Aimee Patton

A pleasantly eccentric take on politics

A number of days have passed since the horrible murder-suicide of Belcher and Perkins.  Kansas City is grieving and processing the terrible tragedy.  My last post was my initial reaction based on the few facts that came out initially about the incident and my experience working in domestic violence.

There has been a lot of response to my last post – good and bad.  The most interesting is that I have a personal agenda that I am trying to push.

Do I have a personal agenda that I’m trying to push regarding the Belcher/Perkins tragedy?


Yes, I have a personal agenda that I am trying to push.  I am not ashamed of it.  In fact, I am not trying to hide it at all.  I want to shout it from the rooftops!

My personal agenda in writing about the  Belcher/Perkins murder-suicide is I don’t want to see another woman get seriously injured or murdered at the hands of an abuser.

Can I be any clearer about my agenda?

I am simply trying to use my knowledge about domestic violence to reach out to people and help them understand what happened so maybe we can prevent another unnecessary murder.

  • Like I said before – all “types” of men abuse women.
  • Leaving is the most dangerous time in a domestic violence relationship.  It is when most homicides happen.
  • Babies can often make domestic violence situations worse.
  • Alcohol and drugs can increase the intensity of domestic violence outbursts, but they are not the cause of domestic violence.
  • The best place for a woman to go when leaving an abuser is to a domestic violence shelter – not to a relative’s home.
  • Don’t focus on the abuser’s behavior and if he will “change”.  Focus on what you can control if you are the one being abused.  Get help!

If you or someone you know is being abused, call the National Domestic Violence Hotline:  1-800-799-SAFE.

Please forward this blog post and get the word out.  Let’s try to save a life.



One thought on “The Belcher/Perkins tragedy – No secret in furthering my personal agenda

  1. Did you know that Nov. 25 through Dec. 10 marks the 2012 “16 Days of Activism Against Gender Violence Campaign,” an educational campaign to help raise awareness about domestic violence and resources available to those it impacts?
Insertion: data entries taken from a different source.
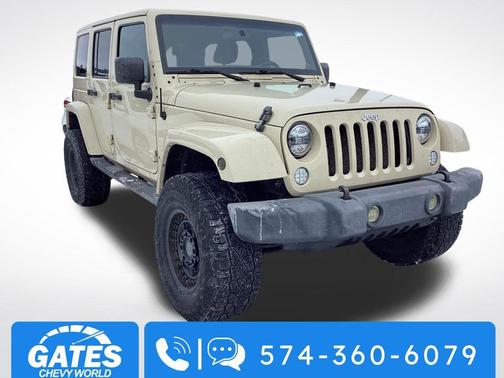 2011 Jeep Wrangler Unlimited Sahara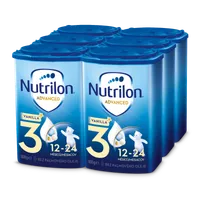 Nutrilon 3 Vanilka sixpack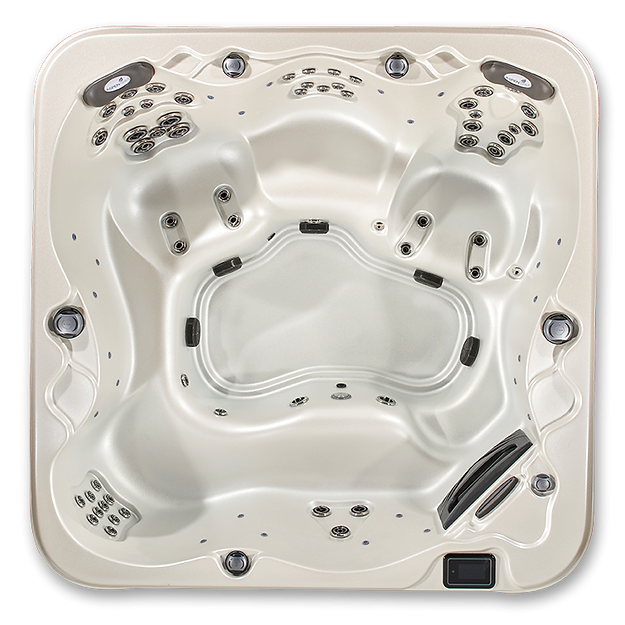 Monarch Hot Tub — 5-Person Outdoor Spa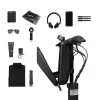 Handlebar Bag Wozinsky WSB1BK — waterproof 4 L, black, for bikes and scooters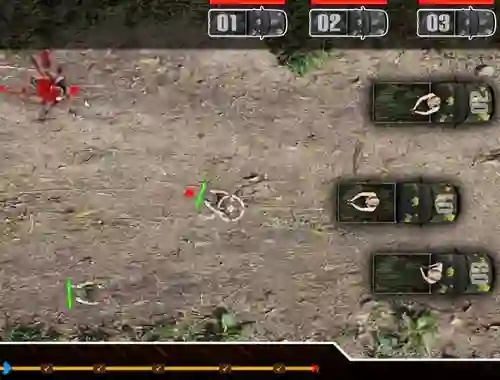 Permainan Zombie Inferno talian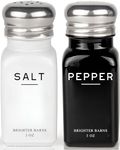 Farmhouse Salt and Pepper Shakers S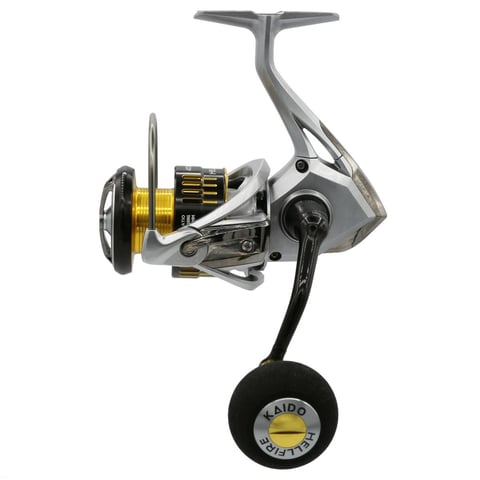Surf Olta Makineleriisinde Kaidomarkalı Kaido Hellfire 6000XG Surf Olta Makinesiürünü detaylı olarak  inceleyin.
I work at Sprint, and I’m proud to say that we take the safety and security of our employees, customers and other community members very seriously. Whether it comes to domestic violence, Internet safety, distracted driving, wireless availability for low-income Americans or any number of other concerns. Earlier this fall, Sprint was notified that our existing policy regarding early terminations lacked clarity as it related to customers in domestic-violence situations being able to end their current contract. We really took this message to heart and have already updated the existing policy, clarifying this issue. These changes are already being communicated to our Care representatives, and we appreciate the matter being brought to our attention. I work in employee communications and am proud to be able to do a little something to address this issue. Kudos to you, Aimee, for all you’re doing and saying on this subject.